🚀 filoma demo¶
Fast, multi-backend file analysis with a tiny API surface
import filoma
print(f"filoma version: {filoma.__version__}")
Let's start with something simple, like getting a handy dataclass for a single file:
🔍📄 File analysis¶
📄 Single file (any kind)¶
from filoma import probe_file
file_info = probe_file("../README.md")
print(f"Path: {file_info.path}")
print(f"Size: {file_info.size}")
print(f"Modified: {file_info.modified}")
print(f"file_info: {[i for i in dir(file_info) if not i.startswith('_')]}")
or specifically for image files:
🖼️ Image file analysis¶
from filoma import probe_image
img = probe_image("../images/logo.png")
print(f"Type of file: {img.file_type}, Type of img object: {type(img)}")
print(f"Shape: {img.shape}")
print(f"Data range: {img.min} - {img.max}")
print(f"img info: {img.as_dict()}")
🔍📁 Directory Analysis¶
Do you want to analyze a directory of files and extract metadata, text content, and other useful information?
filoma makes it super easy to do so with just a few lines of code.
from filoma.directories import DirectoryProfiler, DirectoryProfilerConfig
# Create a profiler using the typed config dataclass
config = DirectoryProfilerConfig(use_rust=True)
dir_prof = DirectoryProfiler(config)
analysis = dir_prof.probe("../")
dir_prof.print_summary(analysis)
Want to quickly see a report of your findings? filoma has you covered.
dir_prof.print_report(analysis)
📁 Directory of files --> DataFrame --> Data Exploration¶
Now that you saw what's up with your files, you might want to explore the data in a familiar format.
filoma can convert the analysis results into a Polars (or Pandas) DataFrame real quick.
NOTE: Pandas support requires the pd extra which you can install by running uv sync --extra pd in your terminal.
from filoma import probe_to_df
df = probe_to_df("../", max_depth=2, enrich=True)
print(f"Found {len(df)} files")
df.head()
!uv pip install pandas pyarrow
print(f"Type of df:\t{type(df.to_pandas())}, \nShape of df:\t{df.to_pandas().shape}")
⚡ DataFrame enrichment¶
You're probably wondering "what is enrich=True?"
Well, since filoma gathers the paths of your files in a DataFrame, why not enrich this DataFrame with additional metadata. Its own DataFrame class has convenience functions like: add_path_components(), add_file_stats_cols(), add_depth_col()
Let's see it in action:
from rich.console import Console
from rich.panel import Panel
console = Console()
cfg = DirectoryProfilerConfig(build_dataframe=True, use_rust=True, return_absolute_paths=True)

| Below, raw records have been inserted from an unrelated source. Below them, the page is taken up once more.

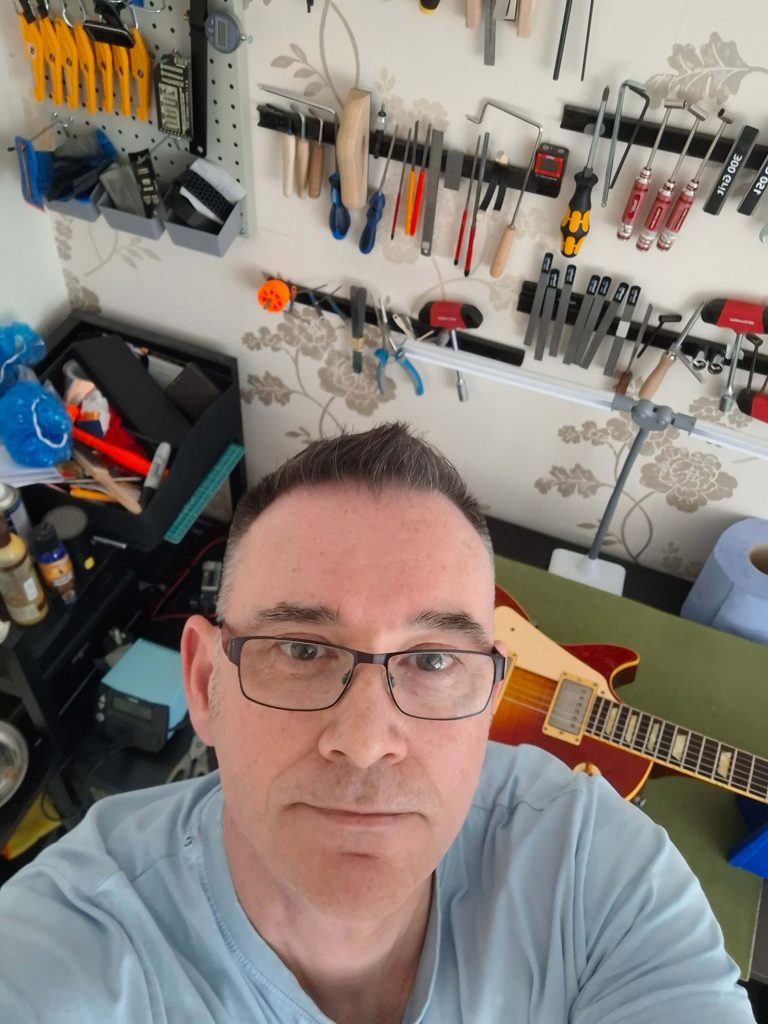 Photo of Stu from Stu's Guitar Setups in his Haywards Heath workshop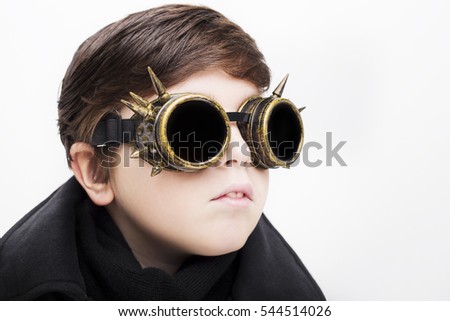 Portrait of a handsome boy closeup steampunk on white background 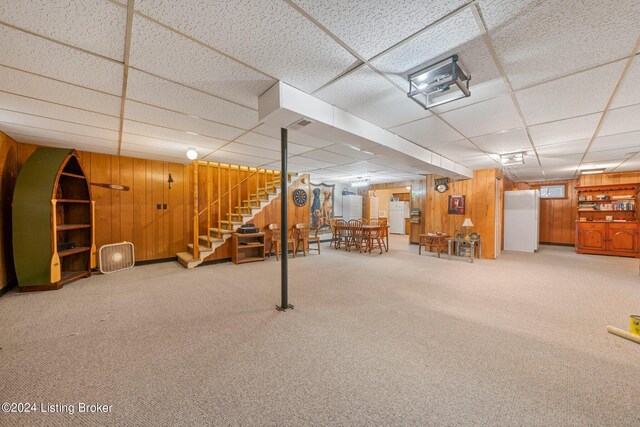 basement with a paneled ceiling, white refrigerator, carpet floors, and wooden walls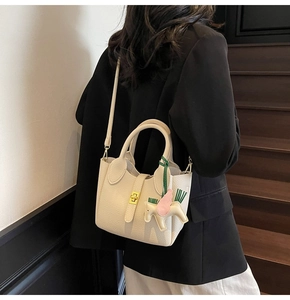 Détail du sac seau beige à motif litchi avec fermoir doré et charm petit poney élégant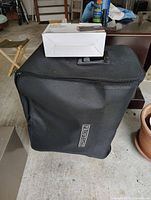 Black carry bag with handle and Frontgate logo, containing the camping cot mattress and frame.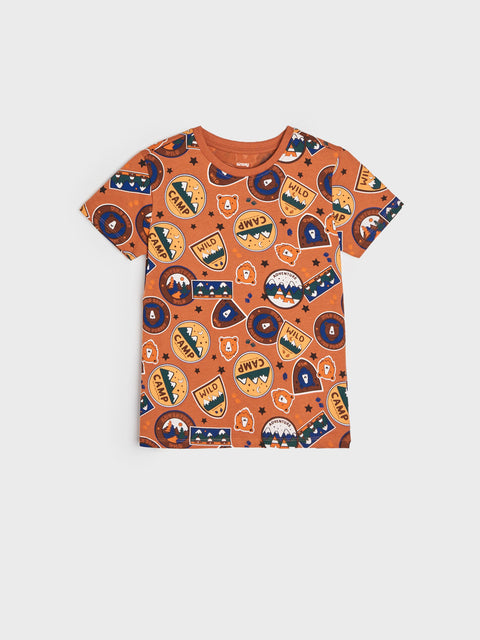 Orange t-shirt with colorful graphic design on a white background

dprof = DirectoryProfiler(cfg)
res = dprof.probe("../")
orig_cols = list(res.dataframe.columns)
console.print(Panel(f"Columns before enrich: [bold]{', '.join(orig_cols)}[/]"))

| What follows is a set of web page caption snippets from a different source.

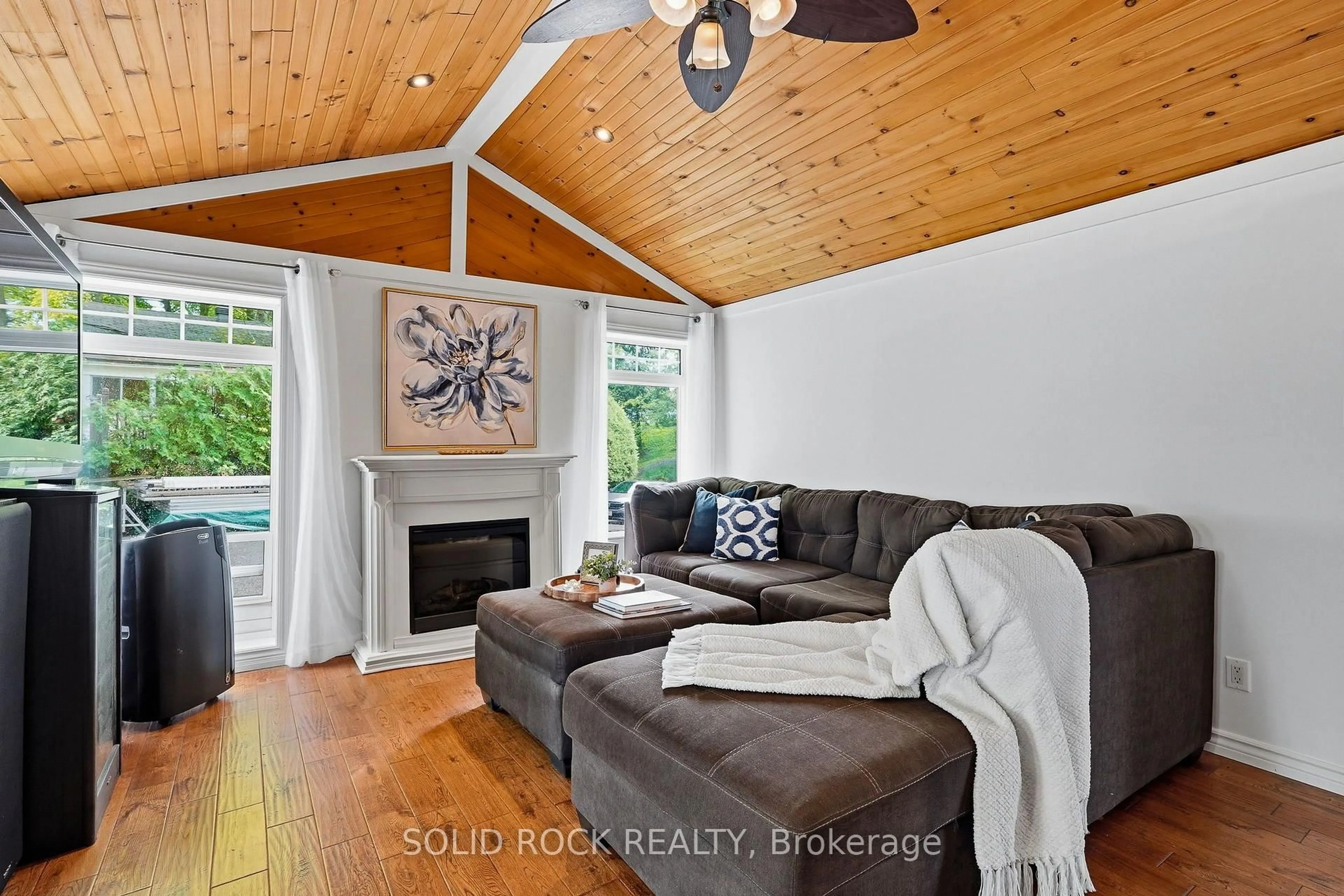Living room with furniture, wood/laminate floor for 3435 Old Highway 17 Rd #41, Clarence-Rockland Ontario K4K 1W1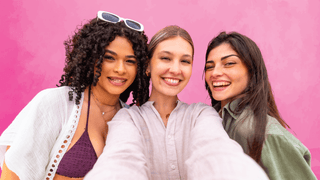 Women smiling for a photo together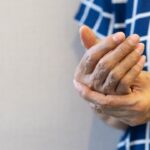 close up senior woman massage on hand to relief pain from hard working for treatment about carpal tu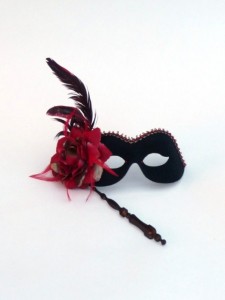 Black folding stick mask with red feather and red rose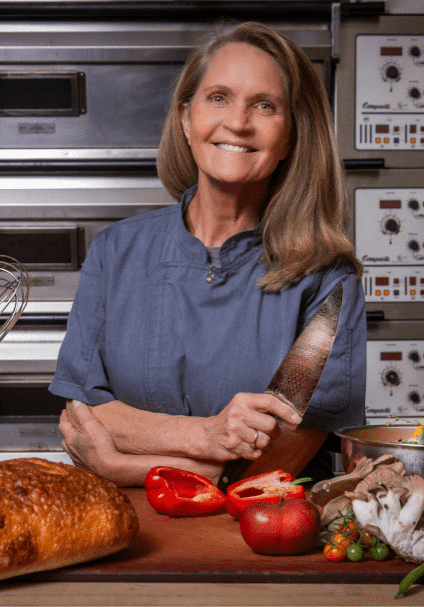 A woman in a chef's coat stands in a kitchen, holding a knife, with bread, vegetables, and baking equipment on the counter—a glimpse behind the scenes at About Lisa Dupar Catering Seattle.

console.print(Panel(res.dataframe.head(3).to_pandas().to_string(index=False), title="DataFrame head (before enrich)"))
df = res.dataframe.enrich()
new_cols = sorted(set(df.columns) - set(orig_cols))
console.print(Panel(f"New columns after enrich: [bold]{', '.join(new_cols)}[/]"))
console.print(Panel(df.head(3).to_pandas().to_string(index=False), title="DataFrame head (after enrich)"))
✅ Conclusion¶
So this is how you can use filoma to go from a messy directory tree to a clean DataFrame with enriched metadata, ready for analysis and downstream workflows.